Tuesday, March 8 marks International Women’s Day and putting some time and thought into your financial future is an important way to celebrate.
Although the basics of sound financial planning are absolutely the same no matter your gender, Canadian women face unique lifestyle and economic choices that require special consideration when it comes to their overall goals.
Here are just a few examples that have popped up recently during my meetings with Island Savings members:
- Women typically live longer than men. The latest data from Statistics Canada puts women’s life expectancy at 83.3 years while men tend to average 78.8 years.
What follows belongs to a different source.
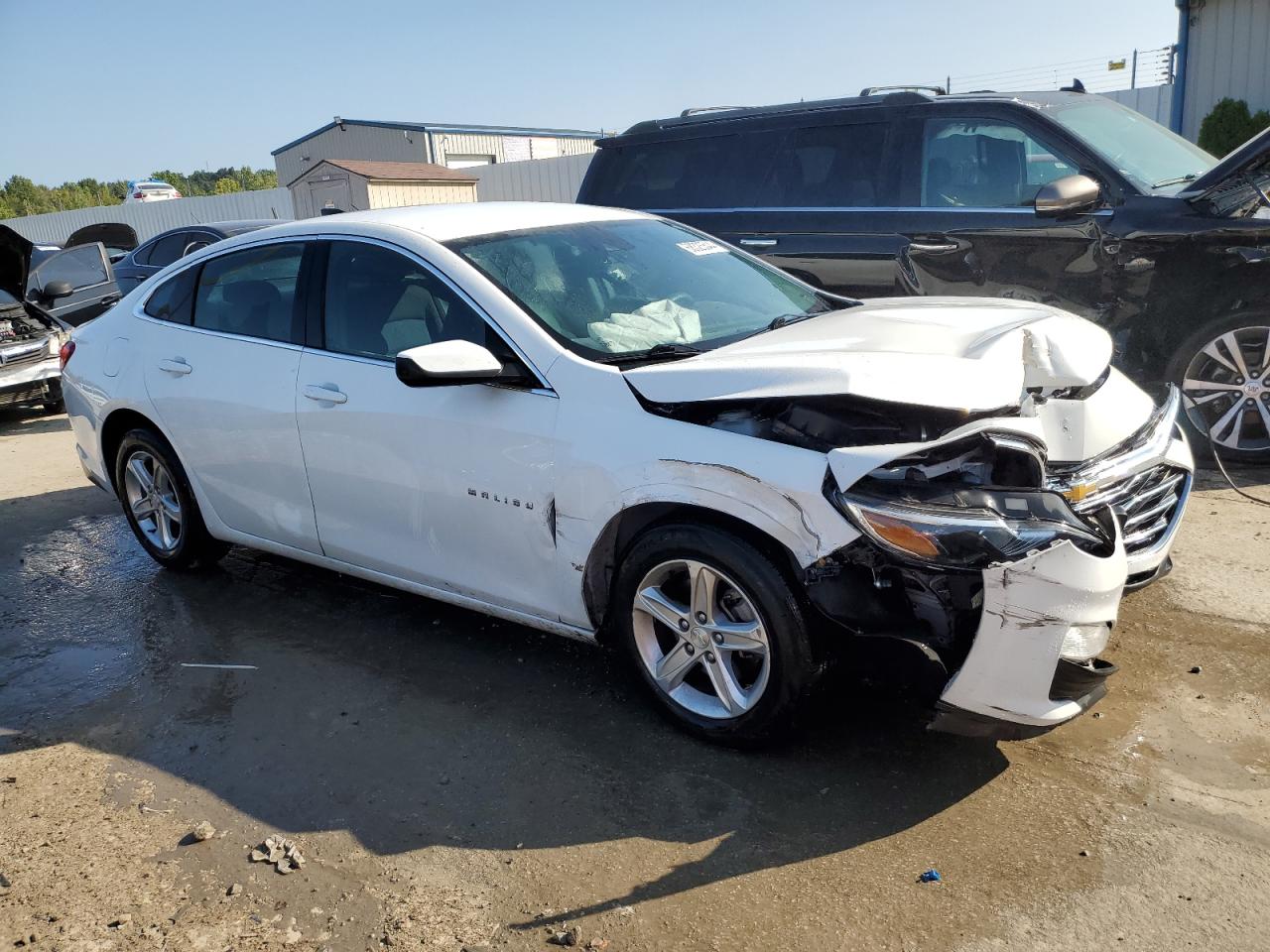 Lot #2974811103 2019 CHEVROLET MALIBU LS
Most Canadian retirees live on about $2,400 a month—so this extra 54 months of life expectancy means that women need to have more than $130,000 more saved for retirement than their male counterparts.
- Women are brilliant multi-taskers. Although both genders face a pile of competing priorities every day, it’s typically women that plan for everything at once by balancing the goals of retirement planning with college funds, vacation savings, emergency fund rations and more. The ability to prioritize these competing goals well can have a major impact on the success of your long-term plan—especially now that women are typically the primary investment decision-makers in their households (and are quickly becoming the breadwinners).
- Women are usually the primary caregivers in Canadian households. Women’s social role as nurturers (at least by the books: 66% of current caregivers are women) can be costly in terms of earning potential outside of the home—as much as $325,000 in combined salary, social security and pension benefits. As women age, they often take on caregiving responsibilities for their elderly parents as well and their ability to absorb this loss in income requires a disciplined investment and savings plan that your financial advisor can help you build and manage.
- All women need to protect their wealth and legacy. Many women now marry in their 30s and 40s when they’ve already built up their career, net worth and major assets. As a result, consideration should be given to both pre-nuptial agreements and, at minimum, an updated will and power of attorney (especially if you have children). A will lets you identify legal guardians for your children and protect what you’re leaving them.
Whether you’re reading this at age 20 or 60, it’s never too late to focus on becoming financially independent and I believe that it’s important for all women to take ongoing measures to protect their current wealth, their retirement plans (which should include continued investing—you need to plan to fund at least 20 years of expenses) and their eventual legacy.
If you don’t already have a prioritized savings and investment plan in place, get started on one right away with your advisor so that you’ll be able to make it rain no matter what life throws your way.